Is this possible with CSS grid layout? Flexbox and grid were supposed to be complementary but Flexbox seems to have a major head start on actual implementations.
Great post. Just used Flexbox for the first time on a production site and it's working great. I did have to use significant fallbacks for IE though, but that'll soon be a thing of the past.
I remember about 4 years ago I discovered flexbox but of course it didn't have good browser support yet and there were even a few other competing proposed CSS solutions.
Just last month I started using it on a production application for the first time. We all talk about the web moving fast, but 4 years is a long damn time to have to wait. Especially considering I was doing a lot of WPF/Silverlight at the time as well and this type of layout support was built in from the start.
You didn't really have to wait that long, I used it on a site a year ago (Autumn 2013) and managed IE8 support along with FF, Chrome, IE8+ with a combination of the 'old' flexbox and the new (+ a couple of IE hacks).

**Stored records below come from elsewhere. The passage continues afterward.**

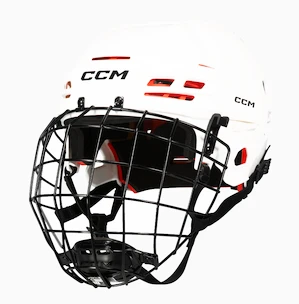 IJshockeyhelm CCM Tacks 70 Combo White  Senior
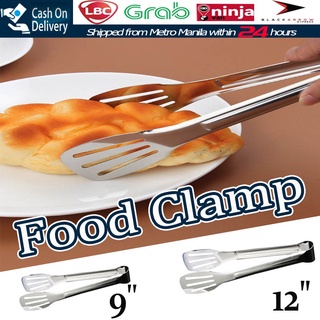 1 Pc Stainless Steel Food Clip Food Barbecue Bread Carbon Steak Clip Kitchen Gadget Food Clamp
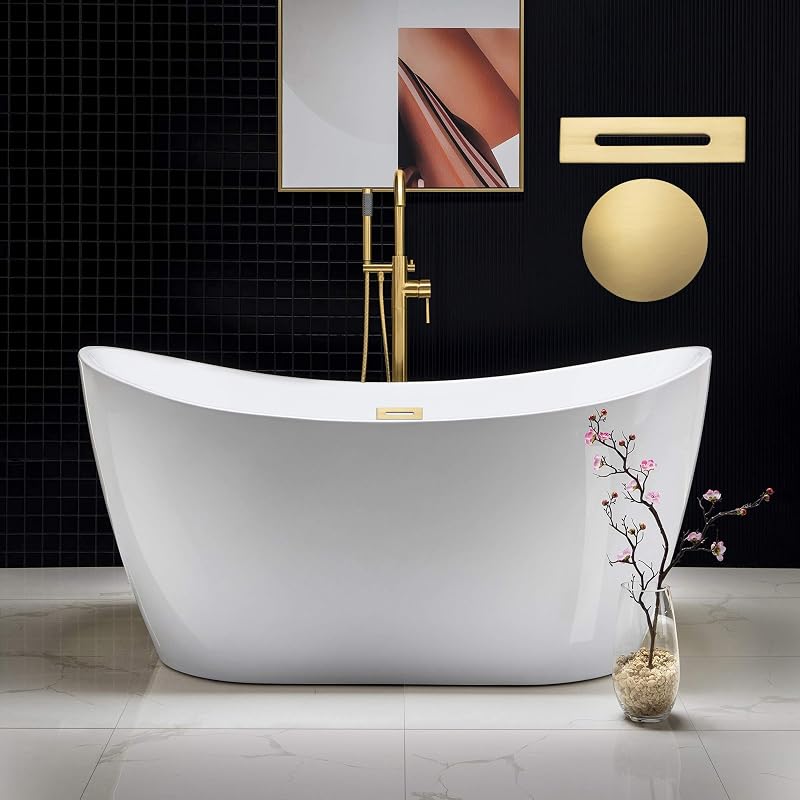 WOODBRIDGE 59in Freestanding Soaking Tub — $854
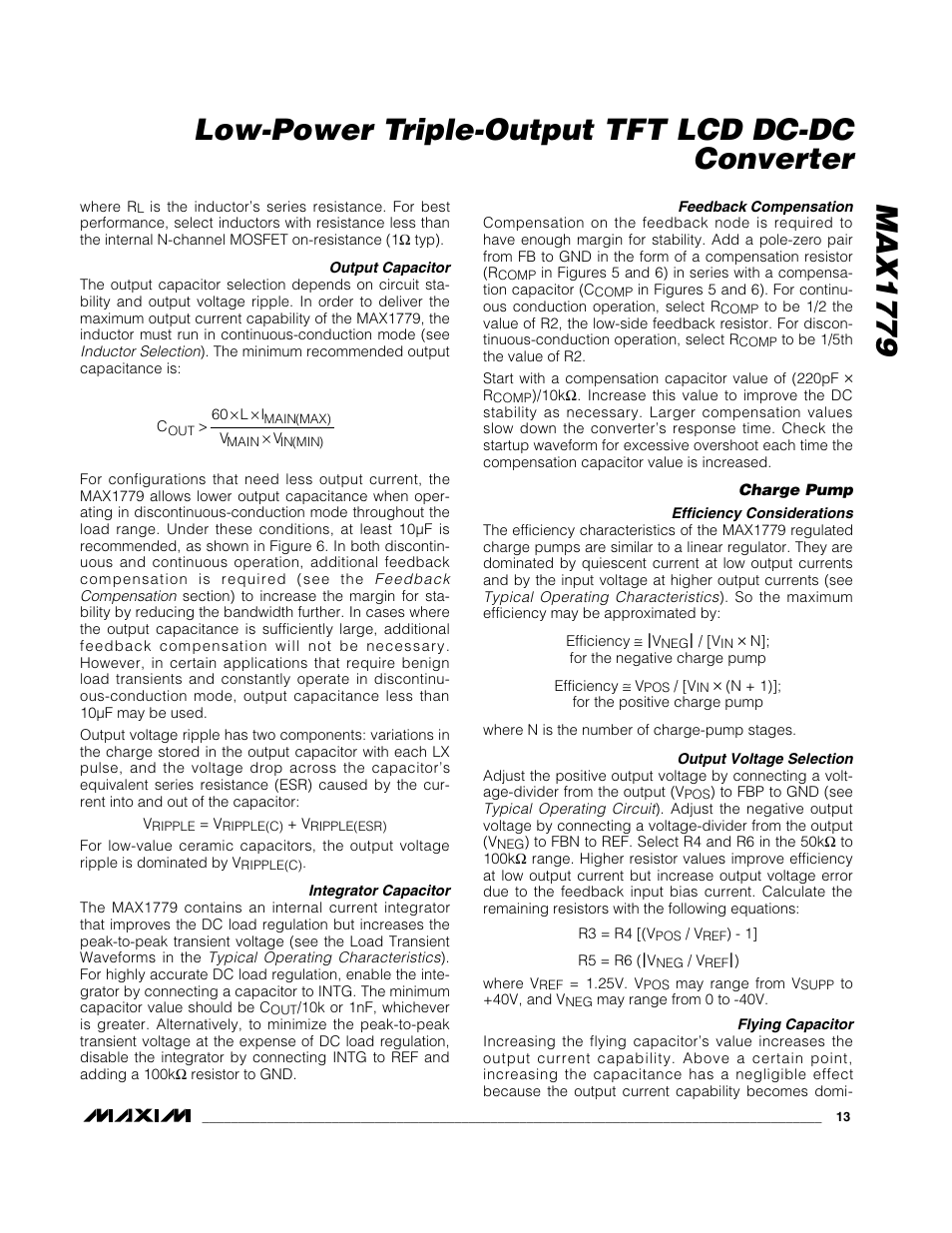 Rainbow Electronics MAX1779 User Manual | Page 13 / 18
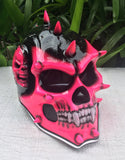 Pink Girl Helmet Punk Helmet Skull Mohawk Girls 3D Helmet Death Grim Reaper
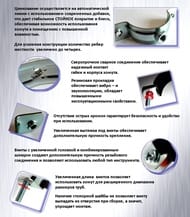 Кронштейн стальной одинарный 3/4" 25-29 мм с резиновым уплотнением RUS.833.05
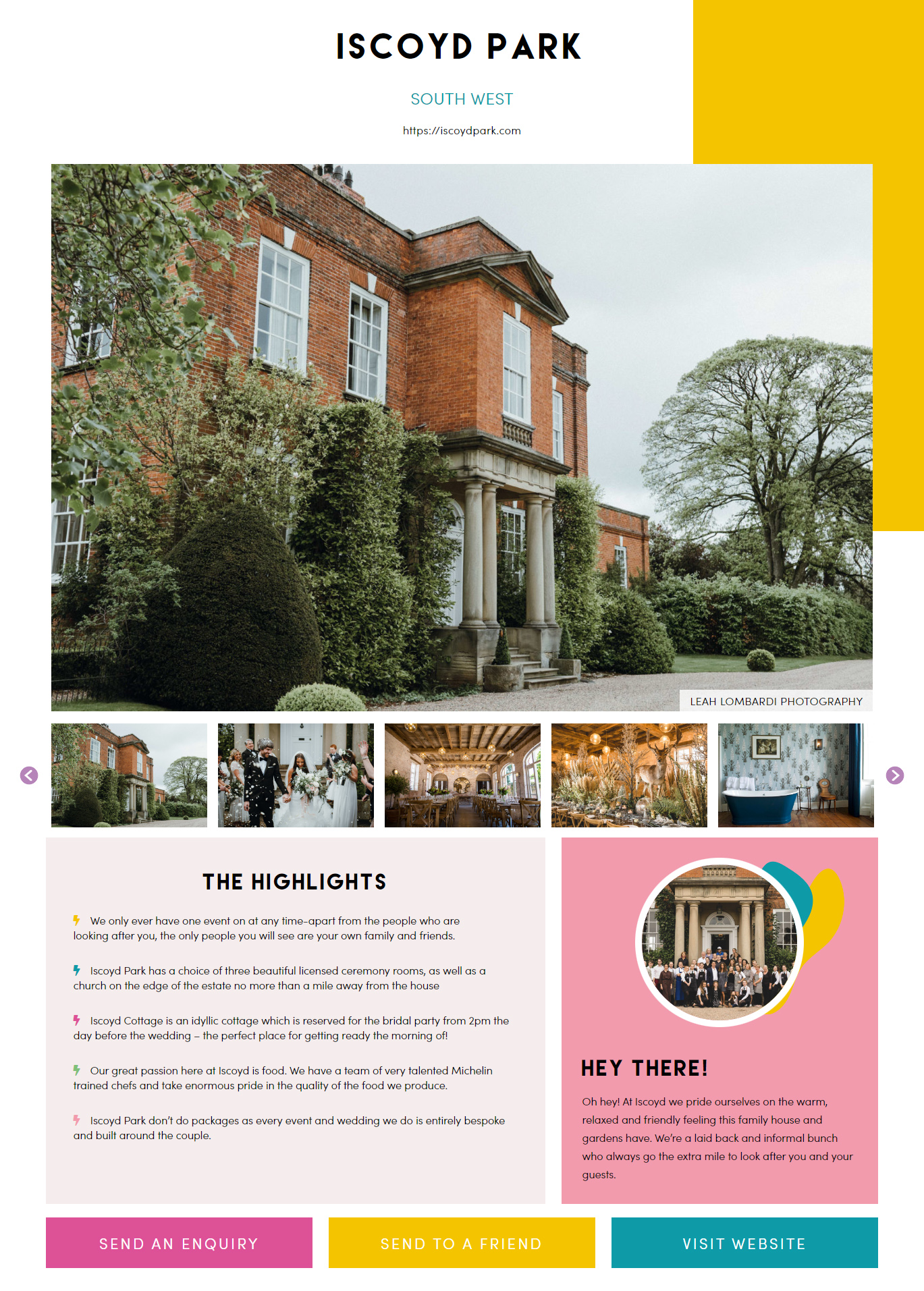 A screenshot of an individual listing page from the directory on the Unique Rebels Union website.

One technique is, alongside flex, to use Sass/LESS/Stylus mixins (or just CSS classes), using float and widths: IE8/9 use those, they're ignored if flexbox is supported. It takes a little work, and you have to limit yourself somewhat, but it's reasonably robust. Effectively, you describe a float-based grid, but include all necessary flex-based declarations. Alternatively, you describe a display:table based grid, but that has fairly serious downsides.
All current hacks available are pretty fragile. Best solution is a separate set of rules scoped to .no-flexbox (or .flexbox if you're going the other way). It's a massive pain in the arse, tbh.

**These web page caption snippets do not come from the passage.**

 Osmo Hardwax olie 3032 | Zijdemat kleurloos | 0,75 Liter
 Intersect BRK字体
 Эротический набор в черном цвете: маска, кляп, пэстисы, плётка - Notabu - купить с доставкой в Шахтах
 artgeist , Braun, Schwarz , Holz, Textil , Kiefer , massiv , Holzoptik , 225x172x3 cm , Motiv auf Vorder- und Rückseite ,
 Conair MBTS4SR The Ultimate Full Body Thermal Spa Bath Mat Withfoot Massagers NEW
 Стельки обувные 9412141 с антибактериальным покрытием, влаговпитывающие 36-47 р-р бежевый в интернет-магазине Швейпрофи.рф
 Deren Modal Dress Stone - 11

Thank you; people like you help change the status quo.
Anyone aware of any large sites using Flexbox that has non-tech users, e.g. Netflix or a major ecommerce site? I ask because I'd like to see any presentations or write-ups those guys may have written about their experience.
Looking forward to using this once IE8 drops off the radar (never mind IE10). I considered using it with fallbacks, but deemed it to be not worthwhile since A) I had to limit flexbox to whatever the alternate scheme (display:table-cell in this case) could do, B) I was basically maintaining and debugging two separate layouts at that point.

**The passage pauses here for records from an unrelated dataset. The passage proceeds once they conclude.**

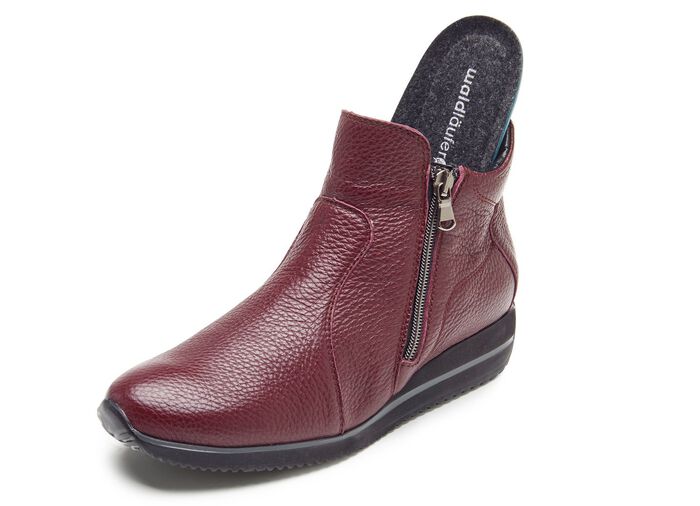Waldl&auml;ufer, bequeme Damen-Stiefeletten, Weite H, aus Hirschleder 
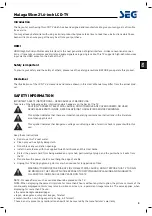 Preview for 32 page of Seg Malaga Operating Instructions Manual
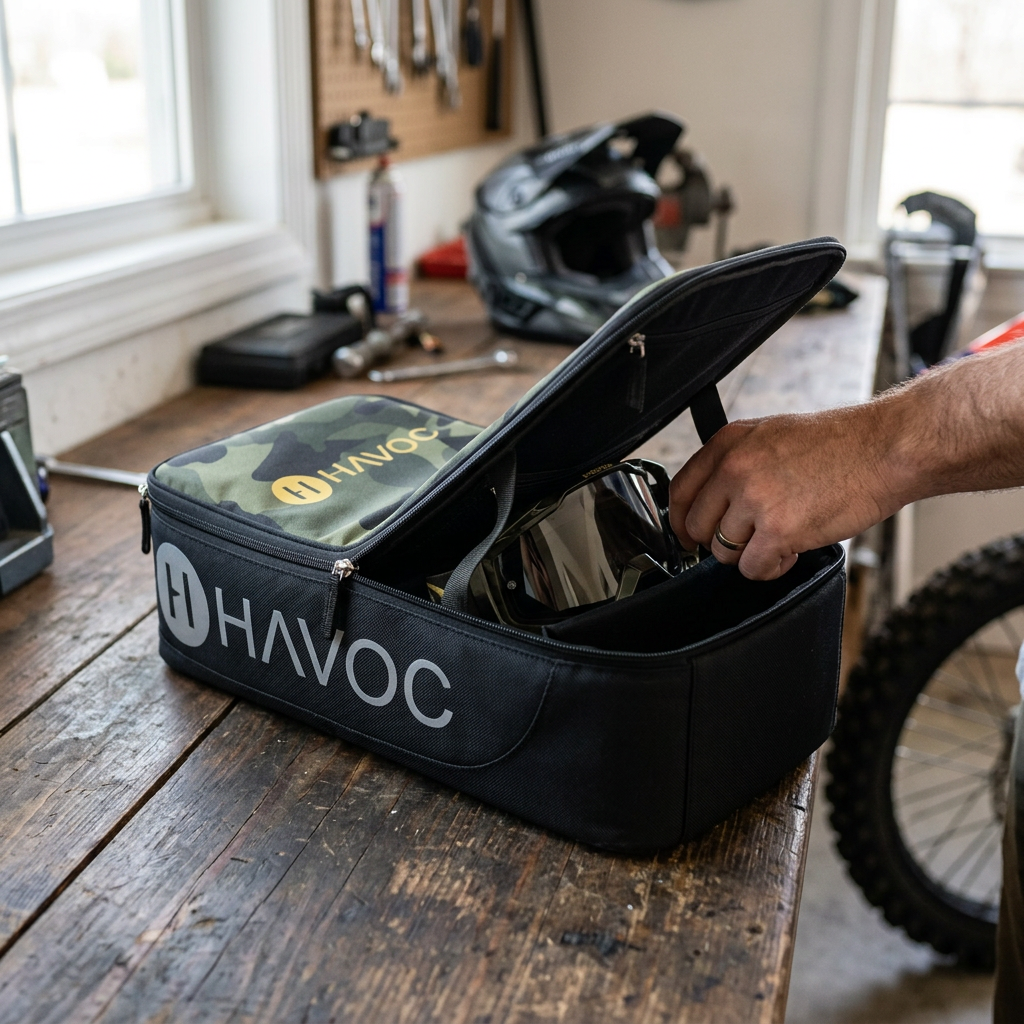 Camo Goggle Case — Havoc Goggle Case — view 1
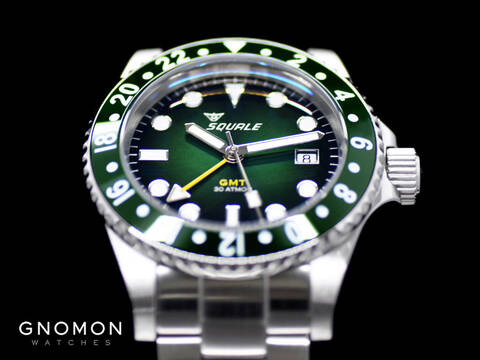 Nouveaut Squale 30 ATMOS ALPINE GREEN GMT CERAMICA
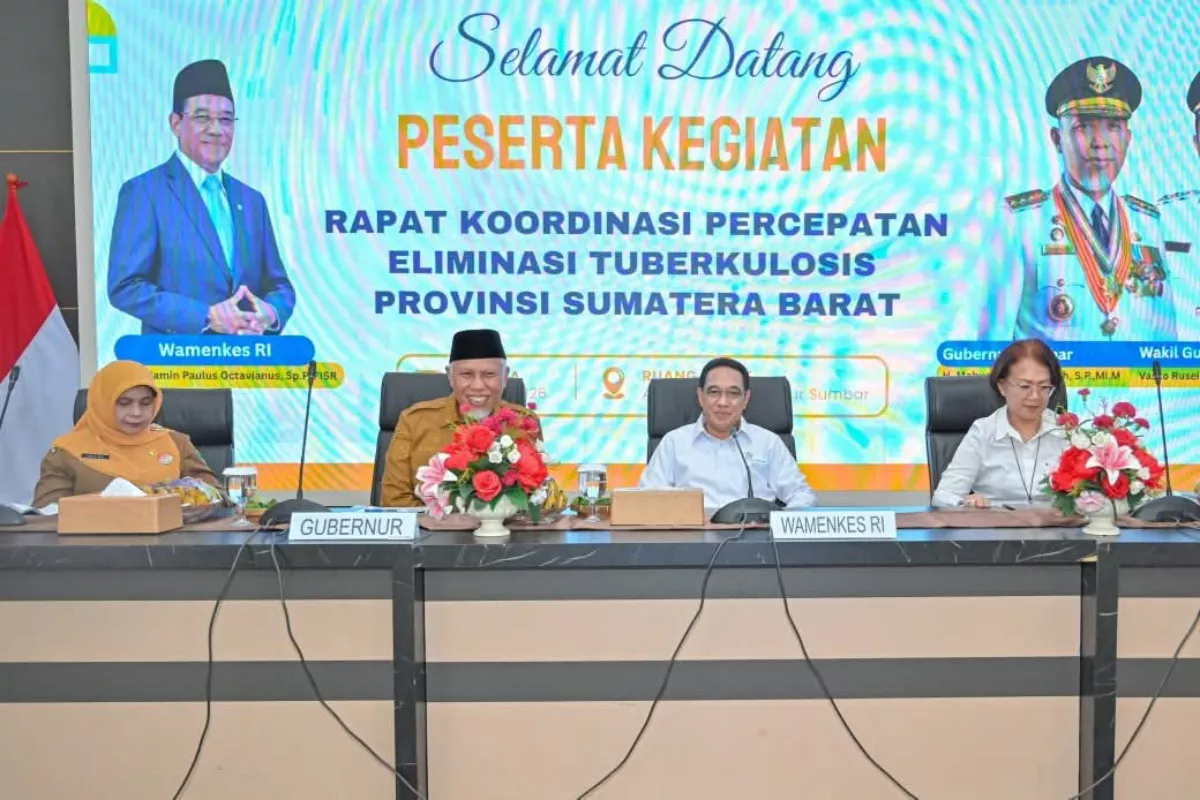 Gubernur Sumbar Tegaskan Komitmen Percepat Eliminasi TBC Lewat Kolaborasi hingga Tingkat Desa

Depends on where you source your browser usage statistics, but IE9's share is smaller than IE8's. For example, caniuse.com[1] has IE8 on 3.18%, and IE9 on 2.13%. Later versions of IE (and Windows) are better at auto-updating, and people using them seem to be more willing to upgrade.
I'm lucky enough to work for a company with a last-2-versions support policy for IE, meaning IE10 and 11 are all I have to worry about. I can't understate how much nicer it makes web development. So much of the bad reputation of web technologies stems from wrestling bugs in old versions of IE and the lack of proper layout capabilities in CSS.
To be clear, the caniuse.com stats are sourced from StatCounter Global Stats[1], not from the site itself, so they should be fairly reliable, albeit averaged across the world. Obviously, nothing beats measuring for your own site and audience.
I'm using a multitude of nested flexboxen in a web app currently in testing and it's working well. There may be theoretical performance issues and slightly odd behaviour at points but nothing I've noticed -- main thing is all the layout-juggling JS I didn't have to write...
If you're willing to include vendor prefixes and all three syntaxes, you can get considerably better support, including IE10: http://css-tricks.com/using-flexbox/
If you run your CSS files through Autoprefixer[1], it's possible to use the latest syntax, and have it automatically converted to all necessary older ones.